Kolesterol, masalah utamanya
Masalah nutrisi utama dalam penggantian minyak ikan mungkin adalah kandungan kolesterol dalam minyak yang berasal dari hewan darat. Dapat dikatakan bahwa pakan aqua yang digunakan saat ini, karena kandungan kolesterolnya yang rendah, mendorong ikan budidaya untuk terus-menerus memproduksi kolesterol. Namun pertimbangan penting di sini adalah bahwa biosintesis kolesterol adalah latihan metabolisme yang agak mahal. Demikian pula, udang tidak mampu mensintesis steroid, sehingga harus memperoleh asupan kolesterol dari pakannya.
Jalur khusus untuk sintesis sterol pada tanaman fotosintetik terjadi pada tahap squalene melalui aktivitas squalene synthetase.
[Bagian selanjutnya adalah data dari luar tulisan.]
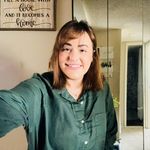 Jacqueline Hess - @jacqueline_paige35 - Instagram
Sterol tumbuhan yang umum dikonsumsi adalah sitosterol, stigmasterol dan campesterol, yang sebagian besar dipasok oleh minyak nabati. Telah diketahui dengan baik bahwa jumlah kolesterol yang dibuat oleh tumbuhan dapat diabaikan.
Kesimpulan
Mengembangkan sumber bahan utama alternatif untuk pakan akua seperti protein dan minyak (lipid) merupakan tantangan besar bagi perluasan akuakultur secara global. Namun, penggantian minyak ikan dalam pakan akuakultur dengan sumber lipid alternatif (seperti minyak biji-bijian, mikroalga, serangga, dan lainnya) dapat dilakukan asalkan persyaratan asam lemak esensial (EFA) terpenuhi dengan baik.
Pendekatan umum yang menggunakan pola tunggal asam amino atau asam lemak sebagai tolak ukur dalam membandingkan nilai gizi pakan akuakultur untuk spesies apa pun memiliki keterbatasan yang sama dengan konsep kualitas protein atau lemak, dan evaluasi yang cermat terhadap sejumlah besar asam amino atau asam lemak, lebih diutamakan.